In these proceedings, Torrence’s parole eligibility claim did not ripen until the South
Carolina DPPPS changed his parole eligibility status in June 2004, approximately two
months after his original state postconviction proceedings became final. Accordingly,
Torrence could not exhaust the parole eligibility claim before filing his initial § 2254
petition in March 2005. Nevertheless, Torrence included the parole eligibility claim in his
initial § 2254 petition and explained therein that he was simultaneously pursuing
7
exhaustion of that claim in the South Carolina courts. In order to have all his federal habeas
corpus claims decided at once and to avoid running afoul of AEDPA’s limitations period
on the exhausted claims, Torrence moved in the district court for a stay and abeyance of
his § 2254 petition pending exhaustion of the parole eligibility claim in the ongoing state
proceedings. The district court, however, denied Torrence’s motion for a stay and
abeyance without recognizing or assessing the stay-and-abeyance procedure specified by
the Supreme Court in Rhines. The Rhines decision was issued in March 2005, six months
prior to the district court’s denial of Torrence’s motion for a stay and abeyance.
Because the district court denied his request for a stay and abeyance, Torrence
maintains that he had no choice but to dismiss his unexhausted parole eligibility claim and
proceed in the district court with his exhausted claims.
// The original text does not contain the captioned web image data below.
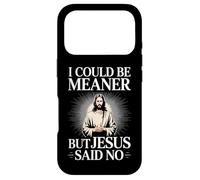 Je pourrais être Plus méchant, mais Jésus a Dit qu'il n'y Avait Pas d'humour chrétien Coque pour iPhone 17 Pro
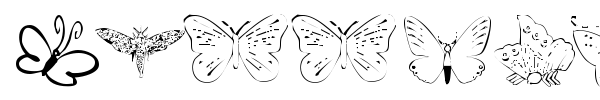 Butterfly Heaven font preview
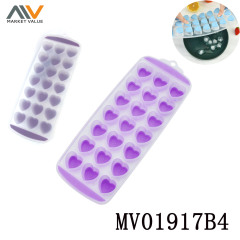 21 Heart Shaped Ice Mould PP with Silicone OPP Bag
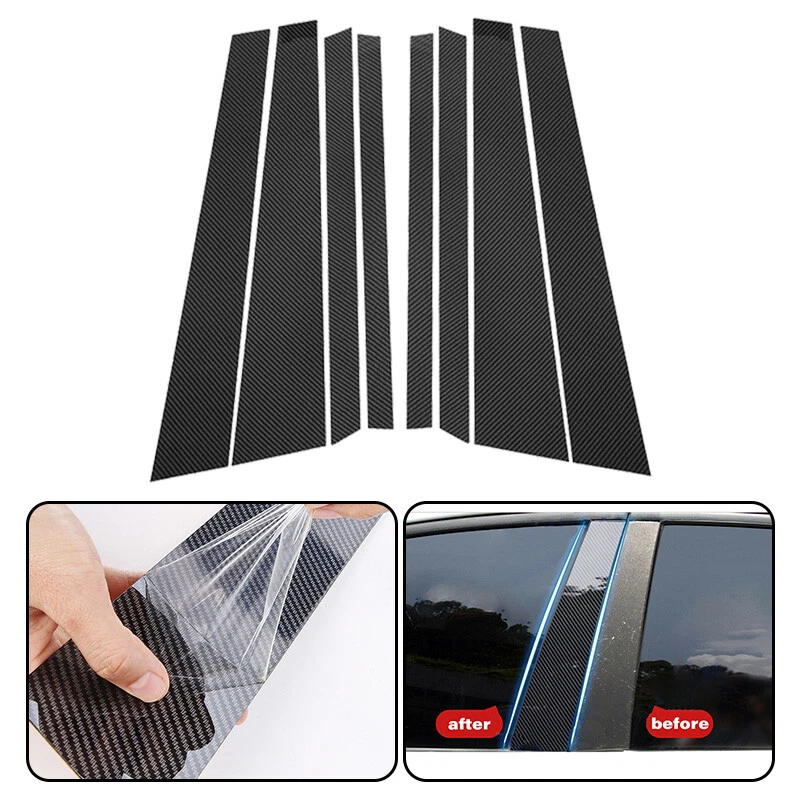 Juego de 8 postes de pilar cromados cubierta de puerta apta para BMW X5 E70 2007-2013 2010 Foto 3 de 4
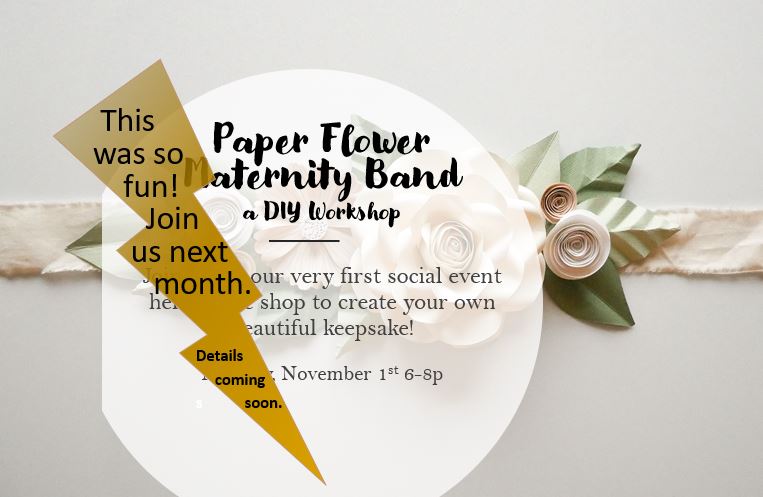 Paper Flower Maternity Band Workshop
Otherwise, the statute of limitations
would have expired as to his exhausted claims. Torrence thus faced the very problem that
the Rhines Court wished to avoid — “the risk of forever losing [an] opportunity for any
federal review of [] unexhausted claims” because of AEDPA’s limitations period.
See 544
U.S. at 275. In such cases, “the petitioner’s interest in obtaining federal review of his
claims outweighs the competing interests in finality and speedy resolution of federal
petitions.”
Id. at 278.
Torrence diligently attempted to avoid piecemeal litigation by including all of his
claims in his first § 2254 petition and moving for a stay and abeyance. In these
circumstances — where the parole eligibility claim did not ripen until 2004, the claim may
be meritorious, and it was promptly included in the initial § 2254 petition — the district
court likely erred in denying the stay-and-abeyance motion. Accordingly, we are satisfied
8
that Torrence has not abused the writ and that his second-in-time petition is not “second or
successive” within the meaning of § 2244(b)(3). Cf.
Martinez-Villareal, 523 U.S. at 644
(“[N]one of our cases . . . have ever suggested that a prisoner whose habeas petition was
dismissed for failure to exhaust state remedies, and who then did exhaust those remedies
and returned to federal court, was by such action filing a successive petition.”). Torrence
therefore does not need this Court’s authorization to file the § 2254 petition, and his
§ 2244(b) motion is unnecessary.
III.
Pursuant to the foregoing, Torrence’s motion for leave to file a second or successive
28 U.S.C. § 2254 petition is denied as unnecessary.